Kailee Scales, managing director for Black Lives Matter Network Action Fund and Black Lives Matter Global Network Inc., said June 8 that the group was calling for a "divestment in police in order to support more teachers, mental health and restorative services, community resilience departments, social workers, and government resource liaisons."

"We've spent over $2 trillion to completely rebuild the unmatched strength and power of the United States military."

This exaggerates the actual spending. Trump’s ballpark number is reasonably accurate in terms of defense budgets over the past four years. But weapon systems take a long time to build. To put this into perspective, the Pentagon spent roughly $419 billion on procurement through the first three fiscal years of Trump’s presidency. And while that’s just for material goods, that’s a far cry from $2 trillion.

The bulk of the $2 trillion would have been spent anyway, regardless of who was president.

"Most of that money was going to be spent under Obama," said Michael O’Hanlon, a senior fellow in foreign policy at the Brookings Institution. "Trump’s net increases have been about $100 billion each year, or $400 billion total compared with earlier expectations."

"They've wanted to do (Veterans Choice) for almost 50 years. We got it done."

This started before Trump was elected. Broadly, Veterans Choice allows veterans to see a doctor and get care outside the VA system. It was first approved in 2014 and took effect in 2015. It is fair to say that under Trump, the program was expanded and given more permanent funding, but it existed before he took office.

"We passed the largest tax cuts in the history of our country."

Wrong.
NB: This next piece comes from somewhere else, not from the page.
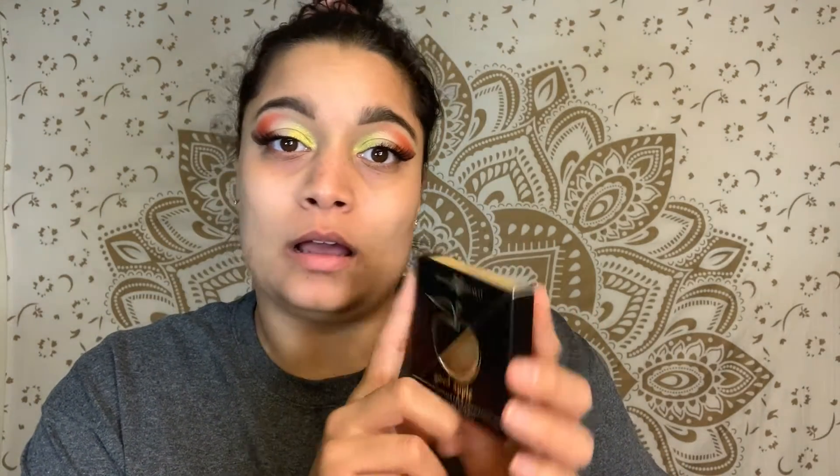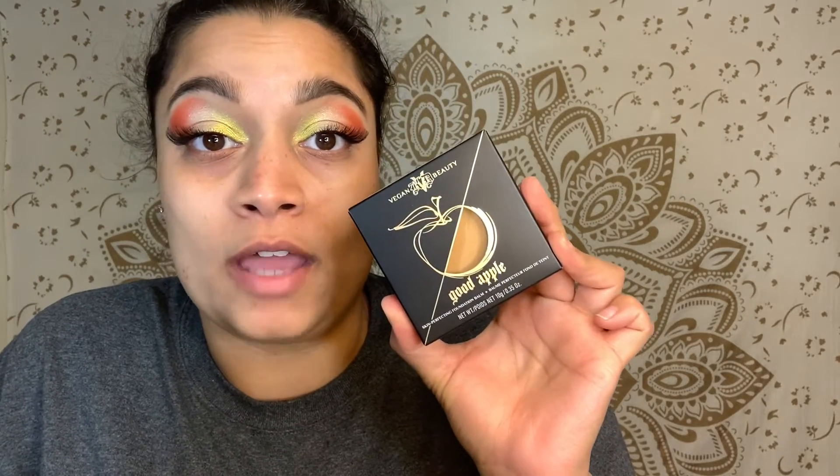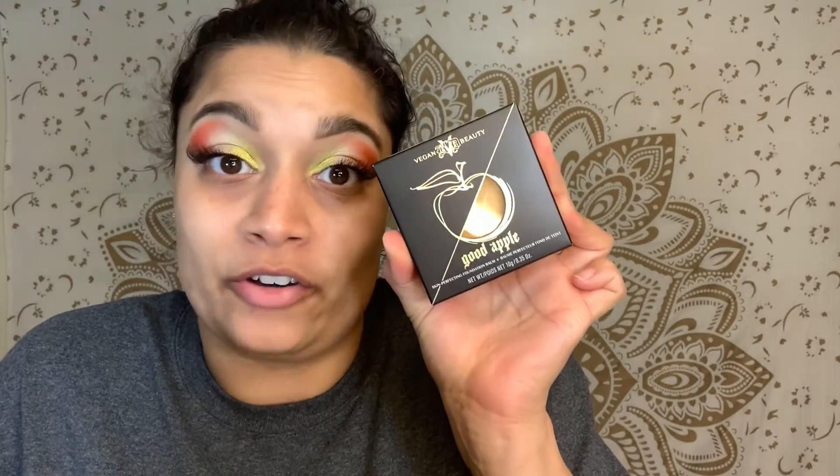Let me just finish this off — I'm gonna put my mascara on and all that good stuff and then I'll be right back. So I wanted to review the KVD Good Apple Skin Perfecting Foundation Bomb that everybody was raving about on TikTok. Y'all need to stop raving about stuff on TikTok because things get sold out like that — and I don't even know if this is my shade.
In inflation-adjusted dollars, the 2017 Tax Cut and Jobs Act is the fourth-largest since 1940. And as a percentage of GDP, it ranks seventh. The Treasury Department has published a list of the biggest tax bills between 1940 and 2012, measured not only by contemporary dollars but also by inflation-adjusted dollars and as a percentage of gross domestic product (a measure of the size of the overall economy).

The largest, providing $321 billion per year in tax cuts, was the American Taxpayer Relief Act of 2012. The 2017 tax cut provided $150 billion in tax relief.